2. Write 120 as a product of its prime factors. Show your work for full marks. [
To find the prime factors of 120, we start by finding the smallest prime number that divides 120 evenly, which is 2.
120 ÷ 2 = 60
So we have factored out a 2 and are left with 60. We repeat the same step for 60.
60 ÷ 2 = 30
Again, we have factored out a 2 and are left with 30. We repeat the step for 30.
30 ÷ 2 = 15
We have factored out another 2 and are left with 15. Now we try dividing by the next prime number, which is 3.
15 ÷ 3 = 5
Finally, we have factored out a 3 and are left with 5. At this point, we can see that 5 is a prime number, so we have completed the factoring.
Putting it all together, the prime factors of 120 are 2 x 2 x 2 x 3 x 5 = 2^3 x 3 x 5.

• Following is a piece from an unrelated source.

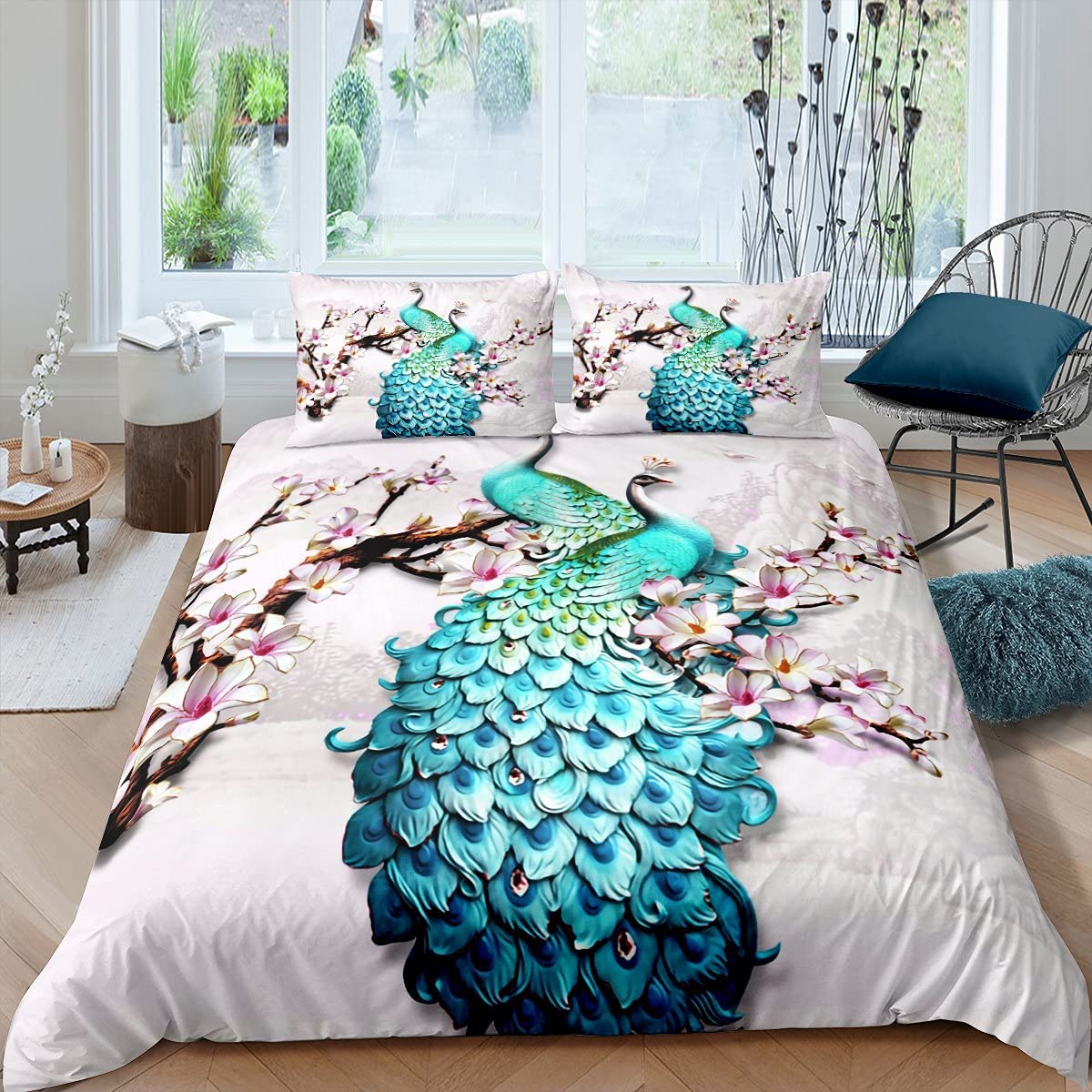 Price:$35.99 Bedding Duvet Cover Sets,Elegant Gorgeous Blue Feather Comforter Cover for Girls Women Pink Flower Soft Quilt Cover 3Pcs,Birds Animal Theme Decor Bedspread with 2 Pillowcases,Full Size : Home & Kitchen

To find the prime factors of 120, we'll start by dividing it by the smallest prime number, which is 2:
120 ÷ 2 = 60
Next, we'll divide 60 by 2 again:
60 ÷ 2 = 30
Now, let's divide 30 by 2 once more:
30 ÷ 2 = 15
Since 15 is an odd number, we'll move on to the next prime number, which is 3. We'll divide 15 by 3:
15 ÷ 3 = 5
5 is a prime number itself, so we cannot divide it any further.
To summarize:
120 = 2 × 2 × 2 × 3 × 5
Therefore, the prime factorization of 120 is 2 × 2 × 2 × 3 × 5.
To find the prime factors of a number, we need to identify the prime numbers that can be multiplied together to obtain the original number.
To write 120 as a product of its prime factors, we follow these steps:
Step 1: Begin by dividing 120 by the smallest prime number, which is 2.
120 ÷ 2 = 60
Step 2: Now, we continue to divide the quotient obtained (60) by 2 until it is no longer divisible evenly.
60 ÷ 2 = 30
30 ÷ 2 = 15
Step 3: Since 15 is not divisible by 2, we proceed to the next prime number, which is 3.
15 ÷ 3 = 5
Step 4: Now, we have obtained 5, which is already a prime number. Since it is not divisible by any prime number greater than itself, we stop here.
Therefore, the prime factorization of 120 is:
2 * 2 * 2 * 3 * 5 = 2^3 * 3 * 5
You can see that 2 has a power of 3 since it appeared 3 times during the factorization process. The remaining prime numbers, 3 and 5, are only there once since they could not be divided any further.
Thus, writing 120 as a product of its prime factors, we have 120 = 2^3 * 3 * 5.